In October of 2000 she developed a palpable mass in 12 o’clock position of the right breast. Mammogram and ultra-sound were suspicious. FNA was positive. Mastectomy and sentinel node biopsy were performed with placement of a tissue expander. She was found to have an 1.8 cm. poorly differentiated infiltrating ductal cancer. Five lymph nodes were negative and the margins were considered clear (although invasion into the muscle was note on microscopic examination. The post-operative course was uneventful. No post-operative irradiation was given. She was given a course of CMF which she tolerated well.

She had recurrent episodes of fluid collections on the right which required multiple aspiration. During this time period she had right nipple reconstruction. See was seen in routine follow up in May of 2003. At that time she was asymptomatic. However pictures of the right breast do show the first hint of color change below the breast that was not appreciated at the time . By Nov. 03 she developed clinically evident erythema below right reconstructed breast. Low grade infection was suspected and she was started on a course of antibiotics. There was no clinical response to the antibiotics.

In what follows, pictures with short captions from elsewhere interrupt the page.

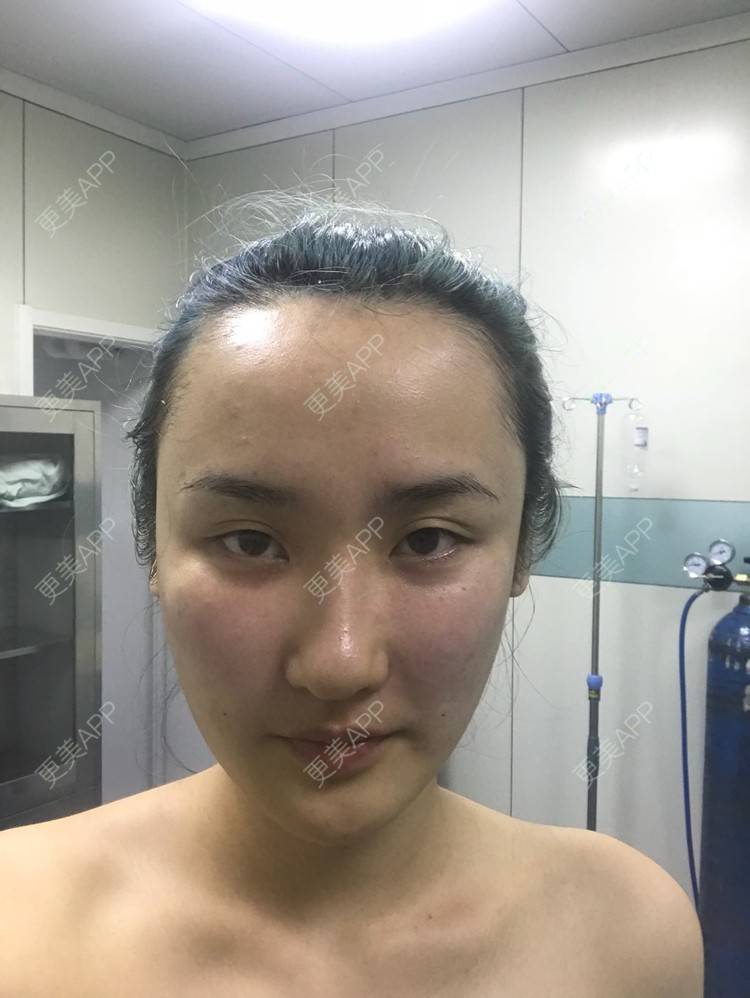 更美 - 哒哒#的自体脂肪填充泪沟经验 | 自体脂肪面部填充 | 自体脂肪填充泪沟 | 自体脂肪填充面部细纹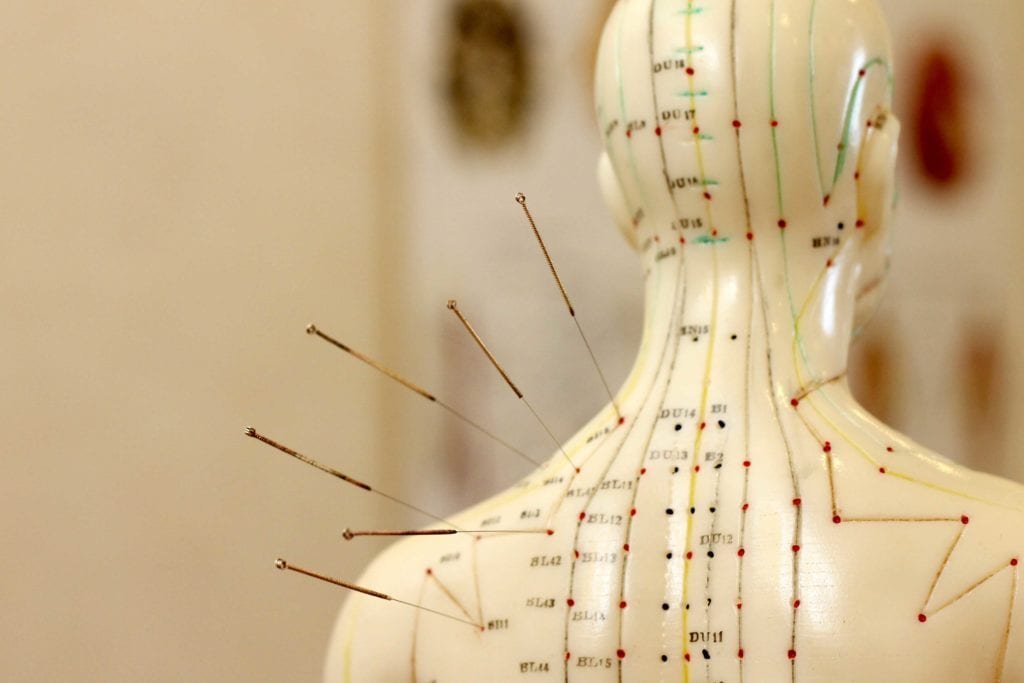 Questions About Acupuncture & TCM
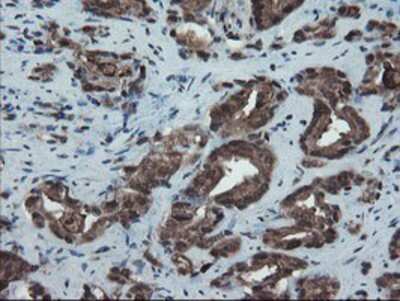 Immunohistochemistry-Paraffin: SnoN Antibody (OTI3E2) [NBP2-03881]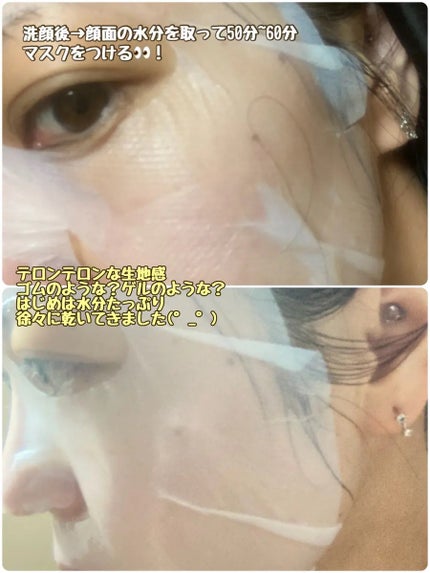 トラブルパッチマスク/EIOM/その他スキンケアを使ったクチコミ(2枚目)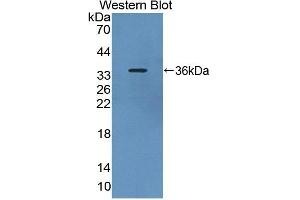 Detection of Recombinant PDE4B, Rat using Polyclonal Antibody to Phosphodiesterase 4B, cAMP Specific (PDE4B) (PDE4B anticorps  (AA 500-736))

Culture and cytology of the peri-implant fluid was negative.

The inframammary erythema progressed while on antiobiotics. Skin punch biopsies showed atypical vascular changes. PET-scan showed bilaterally enlarged axillary lymph nodes suspicious for metastatic disease. Bilateral axillary lymph node biopsies were performed as well as full thickness biopsy of inframammary skin lesion. Lymph nodes showed only reactive hyperplasia. The skin lesion was diagnosed as low grade angiosarcoma. This diagnosis was confirmed by Dr. Sharon Weiss at Emory University .

Because of the extensive skin involvement it was elected to start treatment with a course of taxol. She tolerated her chemo well and there was some regression of the skin lesions. A Pet-Ct scan done after the initial treatment with taxon demonstrated reduction in size of the axillary lymph nodes. However, subsequent Pet-ct demonstrated enlargement of the axillary lymph nodes which was interpreted as possible tumor recurrence (I suspect that the lymph nodes are benign. I also suspect that there is an element of lymphatic obstruction that may have contributed to her risk of developing angiosarcoma).

Following her course of taxol she was given a course of hyperfractionated irradiation which she tolerated well, but it was associated with extensive skin changes. She was initially scheduled for wide resection with TRAM flap closure, but has postponed surgery. Her radiation changes are resolving rapidly and she is currently asymptomatic and a course of cisplatin (02/01/05).